> On Jul 17, 2025, at 10:41 AM, Jon Elson via cctalk <[email protected]>
> wrote:
>
> On 7/17/25 08:45, Paul Koning via cctalk wrote:
>>
>>> On Jul 16, 2025, at 3:42 PM, Van Snyder via cctalk <[email protected]>
>>> wrote:
>>>
>>>> ...
>>> The Computer History Museum in Sunnyvale, CA has a working IBM 1401
>>> computer from Germany. It has ferroresonant power supplies. They bought
>>> a converter to supply 50 Hz power because they were certain it wouldn't
>>> work at 60 Hz. And it has motors in the card reader, card punch,
>>> printer, and tape drives, that would all run at the wrong speed using
>>> 60 Hz power.
>> I wonder about "they were certain it would not work". That should be a
>> question of fact, not belief.
>>
>> As for the motors, that's an obvious issue (if they are induction motors
>> rather than universal motors). The modern solution is a VFC -- variable
>> frequency motor controller. Those are pretty cheap and work great with
>> motors. I've heard that they are not so good with power supply
>> transformers, not sure if that has been experimentally confirmed. For power
>> supply transformers, 50 vs. 60 Hz is unlikely to matter. People with CDC
>> mainframes that want 400 Hz power do need a solution, with motor-generators
>> as the traditional answer. I wonder if a VFC would work for that, perhaps
>> with post-VFC filtering to turn the waveform into something closer to a sine
>> wave.
>>
>>
>
> VFDs (variable frequency drives) produce ~340 V PWM "square" waves, Given
> enough inductance in the motor windings, this causes roughly sinusoidal
> currents.
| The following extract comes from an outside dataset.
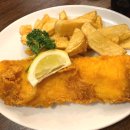 솔 피시 이미지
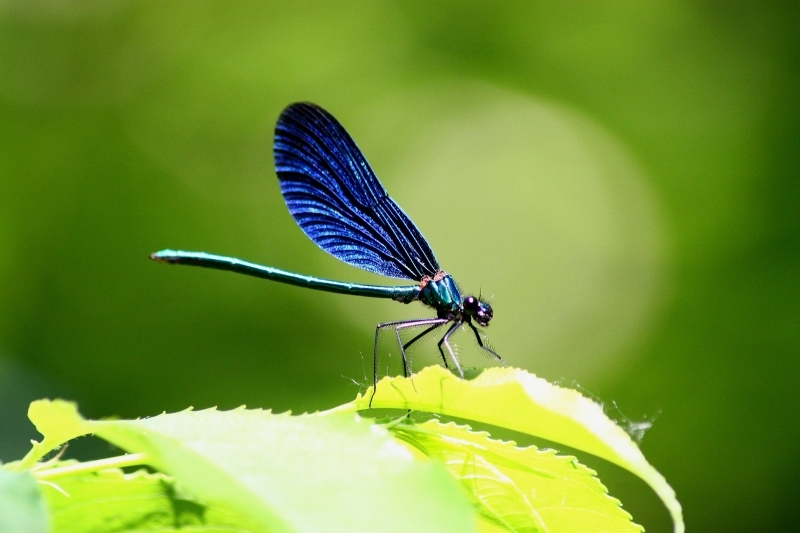 Calopteryx sp ?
But, feed this into a transformer, and you will get high frequency
> spikes. Now, MAYBE, due to the way a "Sola" transformer works, it might
> smooth out the square waves, but it is real hard to predict what will happen.
> Also, VFDs are usually designed for balanced 3-phase loads.
Yes, the question is whether the transformer could be made sufficiently happy.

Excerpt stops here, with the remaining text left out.